The company installed 50,000 new fibre connections in the quarter. That took connections to 479,000 at Sept. 30, up 46 percent from the same quarter a year earlier and 32 percent of Chorus's 1.51 million total connections.
Copper ADSL connections have dropped 28 percent in the past year to 402,000, while the higher-value copper VDSL connections were up 5.1 percent at 309,000. Across all connection types Chorus lost 19,000 during the quarter and 75,000 - or 4.7 percent - in the past year.
Chorus boosted its marketing effort this year to fend off increased competition from retail service provider Spark New Zealand which has pitched its hybrid wireless technology as an alternative to the fixed-line network. At the same time, the network provider is preparing for a new regulatory regime set to be passed in Parliament next week setting the level of pricing on fibre services and the pace for deregulating copper services.
"In Chorus fibre areas, the decline in copper lines with no broadband is being largely offset by strong broadband growth," the company said. "The majority of the decline in total connections was in other fibre company zones as expected given fibre demand."
Growing demand for broadband use has supported uptake on the fibre network. Chorus said average monthly household use rose to 221 gigabytes in the September quarter from 210GB in June and 162GB a year earlier. Fibre customers have a higher average use at 307GB a month, up from 297GB in June and 251GB in September last year.

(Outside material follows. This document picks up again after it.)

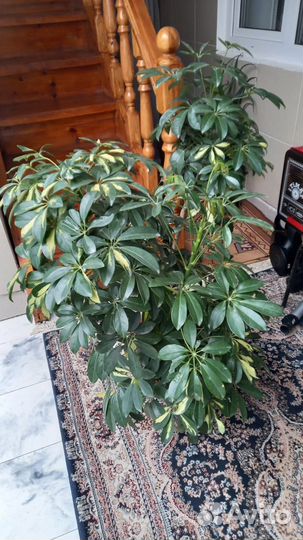 Комнатные цветы шефлера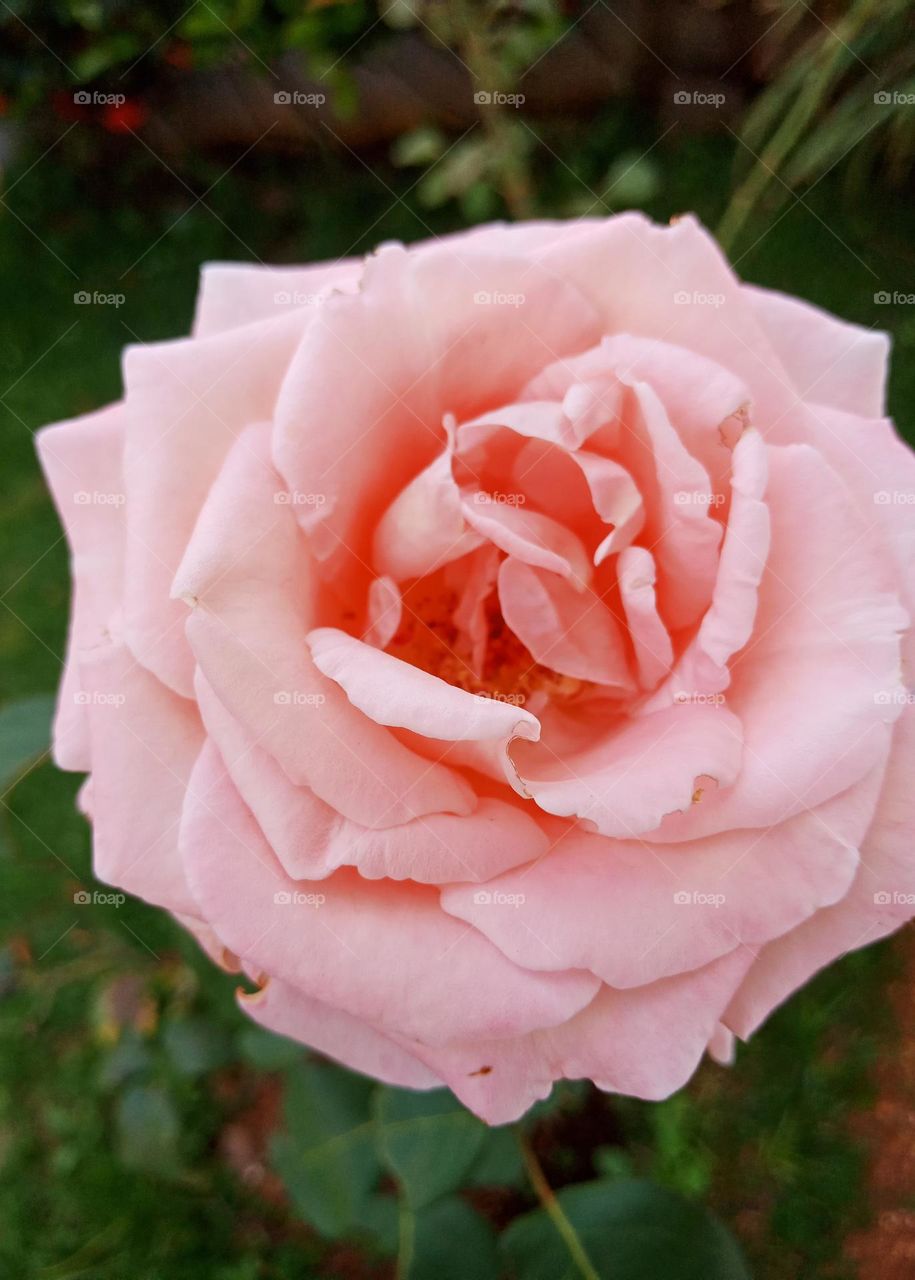 A big open pink rose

Chorus said 950,000 customers are able to connect to fibre with 714,000 premises passed. That lifted ultrafast broadband uptake to 50 percent from 45 percent in June and about 40 percent a year earlier. By December 2022 it plans to have passed 1.05 million premises with 1.36 million customers able to connect.
The company scaled back the number of field crews in the quarter to 770 from 800 in June, with work in progress down 5,000 to 25,000. The average lead time also fell to eight days from 13 days.
Chorus's use of subcontractors to build the network has attracted the attention of regulators with a Labour Inspectorate investigation finding widespread employment breaches among small cable installation firms.
The network operator contracts out the bulk of the work to VisionStream, Downer, Broadspectrum and UCG and has hired consultancy Martin Jenkins to independently review subcontractor employment practices. The company has previously investigated claims a service company employed workers on a voluntary basis, and that firm subsequently ended a subcontractor relationship.
Chorus shares last traded at $4.83 and have gained 15 percent so far this year.